Après avoir envoyé des lettres à une série de pays qui seront frappés par d’importants «tarifs réciproques» le 1er août, le président américain Trump a encore étendu sa guerre commerciale mondiale, annonçant de nouveaux produits devant être soumis à des tarifs fortement augmentés.
S'adressant aux journalistes avant une réunion de cabinet hier, Trump a déclaré : « Aujourd'hui, nous travaillons sur le cuivre », ajoutant qu'il s'attendait à l'imposition d'un droit de douane de 50 pour cent sur ce métal. Il a également évoqué une possible taxe de 200 pour cent sur les produits pharmaceutiques applicables d’ici 18 mois. D'autres produits devraient être fixés sur leur sort dans le cadre des enquêtes de « sécurité nationale » menées par son gouvernement.

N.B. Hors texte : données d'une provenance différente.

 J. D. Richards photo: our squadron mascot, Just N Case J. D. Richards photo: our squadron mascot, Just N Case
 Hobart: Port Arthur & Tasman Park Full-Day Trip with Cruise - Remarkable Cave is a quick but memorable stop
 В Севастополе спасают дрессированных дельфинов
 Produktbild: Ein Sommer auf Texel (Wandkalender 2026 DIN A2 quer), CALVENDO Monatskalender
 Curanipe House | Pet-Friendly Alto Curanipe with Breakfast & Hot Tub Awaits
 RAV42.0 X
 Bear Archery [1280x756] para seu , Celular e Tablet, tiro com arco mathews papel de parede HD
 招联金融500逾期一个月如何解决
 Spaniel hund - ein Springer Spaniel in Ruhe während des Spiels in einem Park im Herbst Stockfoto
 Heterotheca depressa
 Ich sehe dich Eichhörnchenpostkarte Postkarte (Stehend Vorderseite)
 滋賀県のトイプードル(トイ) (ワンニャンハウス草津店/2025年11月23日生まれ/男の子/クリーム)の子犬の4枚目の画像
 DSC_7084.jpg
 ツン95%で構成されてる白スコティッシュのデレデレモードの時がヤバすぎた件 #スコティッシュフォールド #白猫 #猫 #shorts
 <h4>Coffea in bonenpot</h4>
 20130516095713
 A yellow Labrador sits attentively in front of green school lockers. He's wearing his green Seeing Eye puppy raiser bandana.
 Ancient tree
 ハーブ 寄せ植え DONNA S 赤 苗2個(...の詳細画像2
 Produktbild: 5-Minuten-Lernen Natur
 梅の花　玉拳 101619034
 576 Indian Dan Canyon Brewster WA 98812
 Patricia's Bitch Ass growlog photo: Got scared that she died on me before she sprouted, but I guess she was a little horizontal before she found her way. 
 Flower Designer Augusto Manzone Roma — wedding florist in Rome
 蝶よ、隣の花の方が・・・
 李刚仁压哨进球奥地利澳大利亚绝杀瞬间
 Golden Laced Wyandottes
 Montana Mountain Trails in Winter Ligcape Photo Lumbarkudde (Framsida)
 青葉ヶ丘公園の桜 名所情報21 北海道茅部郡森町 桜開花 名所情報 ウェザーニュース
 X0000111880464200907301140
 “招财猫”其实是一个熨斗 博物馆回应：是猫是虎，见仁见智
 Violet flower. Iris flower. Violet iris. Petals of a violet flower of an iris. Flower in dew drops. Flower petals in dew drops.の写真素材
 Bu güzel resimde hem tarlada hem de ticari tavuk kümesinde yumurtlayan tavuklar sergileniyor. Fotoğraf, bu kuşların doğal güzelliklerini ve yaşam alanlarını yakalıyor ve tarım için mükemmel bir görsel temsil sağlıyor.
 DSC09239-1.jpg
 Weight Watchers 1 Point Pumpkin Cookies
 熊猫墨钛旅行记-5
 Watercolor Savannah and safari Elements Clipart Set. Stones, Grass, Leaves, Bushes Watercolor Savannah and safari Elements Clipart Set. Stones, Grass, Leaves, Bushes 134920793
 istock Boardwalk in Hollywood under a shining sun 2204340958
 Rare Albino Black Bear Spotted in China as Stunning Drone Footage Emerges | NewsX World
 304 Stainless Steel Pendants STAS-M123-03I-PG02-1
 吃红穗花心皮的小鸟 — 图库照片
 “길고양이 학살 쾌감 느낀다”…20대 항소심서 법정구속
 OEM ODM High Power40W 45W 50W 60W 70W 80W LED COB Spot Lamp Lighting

Les tarifs sur des produits définis seront appliqués en vertu de l'article 232 de la Loi sur l'expansion du commerce de 1962, tandis que les tarifs réciproques généraux touchant les pays sont mis en œuvre en vertu de la Loi sur les pouvoirs économiques d'urgence internationaux, de 1977
Trump a déclaré que les sociétés pharmaceutiques disposeraient d'un an et demi pour « se mettre en conformité », mais qu'après cela, « elles seraient soumises à des droits de douane très élevés, de l'ordre de 200 pour cent. Nous leur accorderons un certain temps pour se ressaisir. »
Les droits de douane sur le cuivre seront imposés bien plus tôt. Dans une interview accordée à la chaîne d’affaires CNBC, le secrétaire au Commerce Howard Lutnick a déclaré qu'il s'attendait à ce qu'ils soient mis en place fin juillet ou début août.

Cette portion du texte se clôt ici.